Write out the data word for word and drop any picture you find.

───

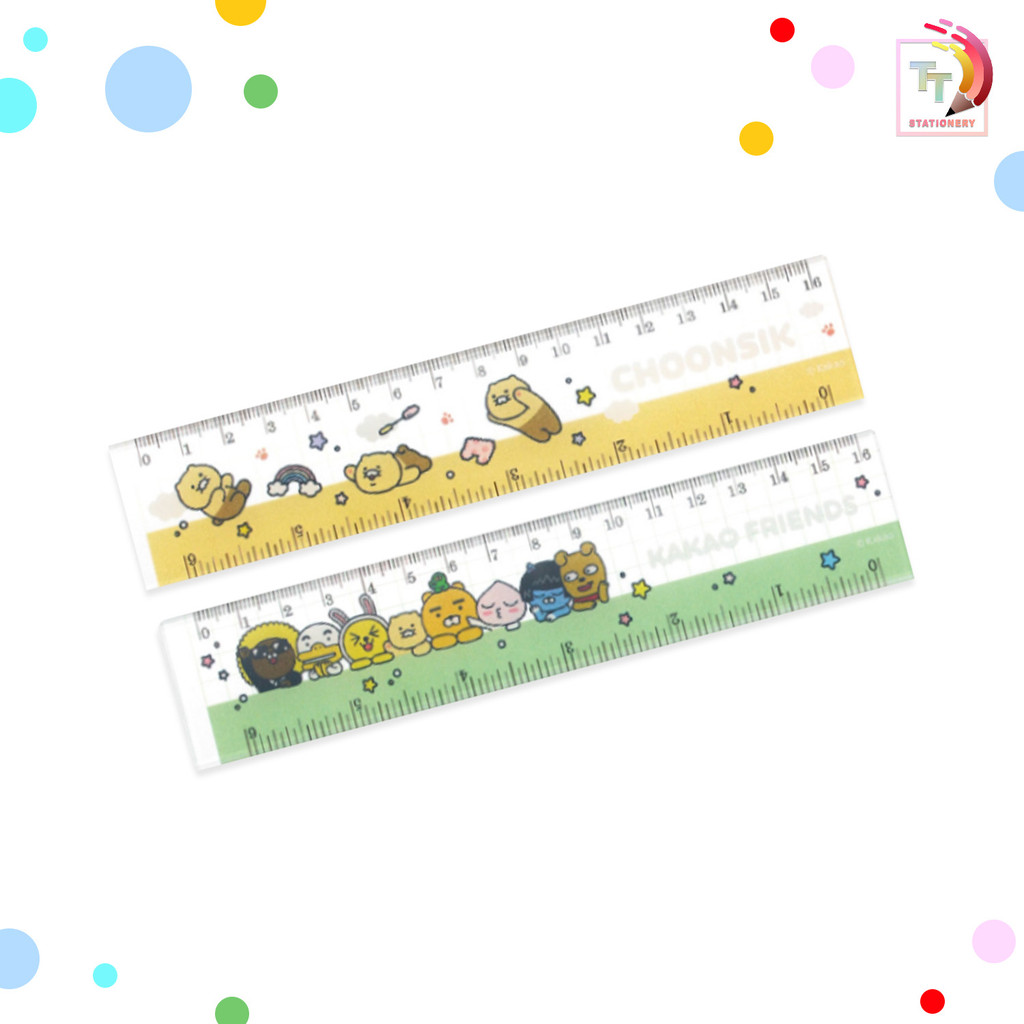 Kakao Friends ไม้บรรทัดพลาสติก ผลิตจากพลาสติก PVC แข็งแรงทนทาน มีขนาด 15ซม. / 16ซม. / 30ซม. (คละสี / ชิ้น)
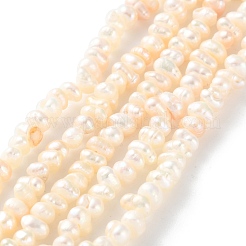 天然養殖淡水パールビーズ連売り  ロンデル  グレード3a+  古いレース  3~4mm  穴：0.7mm  約124~150個/連  13.39''~13.78''（34~35センチメートル）&nbsp;PEAR-I007-02K-01A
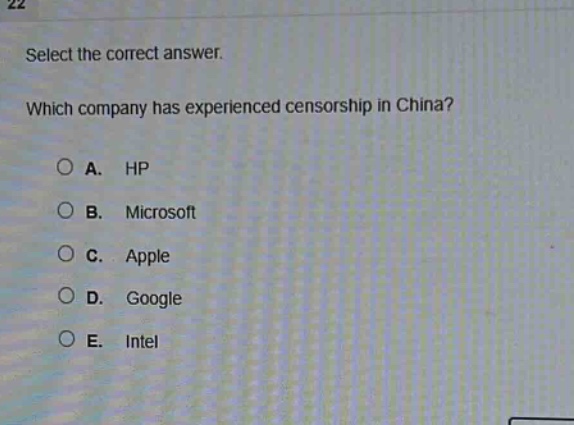 select the correct answer. which company has experienced censorship in china?\na. hp\nb. microsoft\nc. apple\nd. google\ne. intel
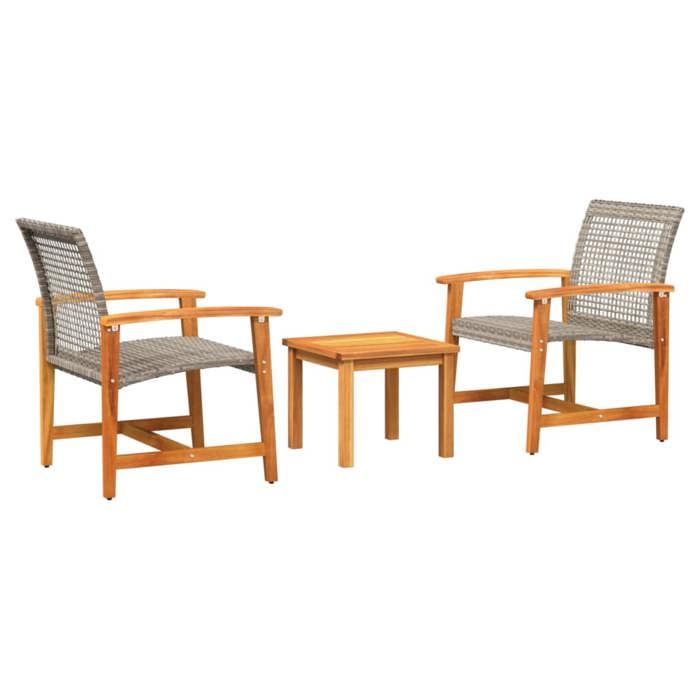 VidaXL Ensemble de Bistro 3 pcs, Chaises avec Table, Salon de Jardin Terrasse Patio, Moderne, Gris Résine Tressée et Bois 367602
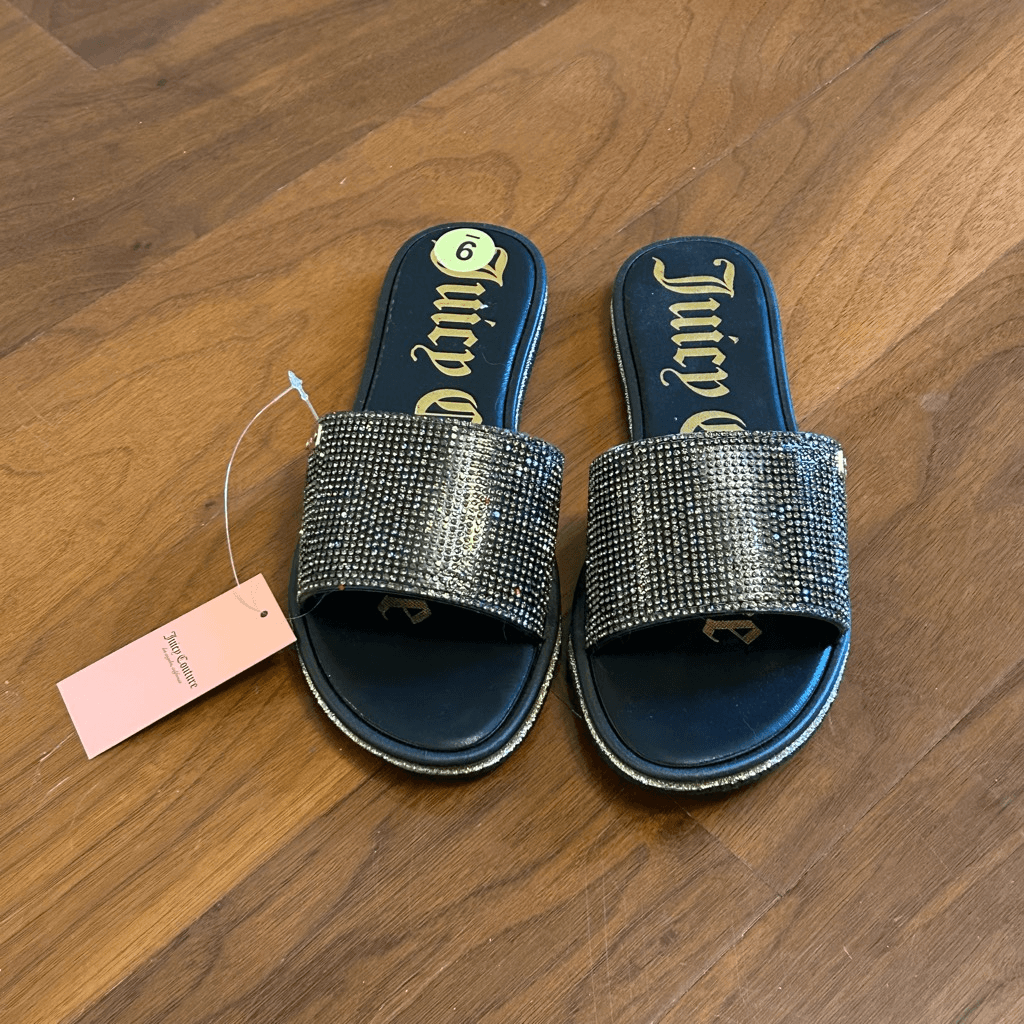 Juicy Couture women's Yummy Black/Gold slide sandals US size 9M NWT with flaws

───

▶ _Solved problem_
 Kakao Friends ไม้บรรทัดพลาสติก ผลิตจากพลาสติก PVC แข็งแรงทนทาน มีขนาด 15ซม. / 16ซม. / 30ซม. (คละสี / ชิ้น)
 天然養殖淡水パールビーズ連売り  ロンデル  グレード3a+  古いレース  3~4mm  穴：0.7mm  約124~150個/連  13.39''~13.78''（34~35センチメートル）&nbsp;PEAR-I007-02K-01A
 select the correct answer. which company has experienced censorship in china?\na. hp\nb. microsoft\nc. apple\nd. google\ne. intel
 VidaXL Ensemble de Bistro 3 pcs, Chaises avec Table, Salon de Jardin Terrasse Patio, Moderne, Gris Résine Tressée et Bois 367602
 Juicy Couture women's Yummy Black/Gold slide sandals US size 9M NWT with flaws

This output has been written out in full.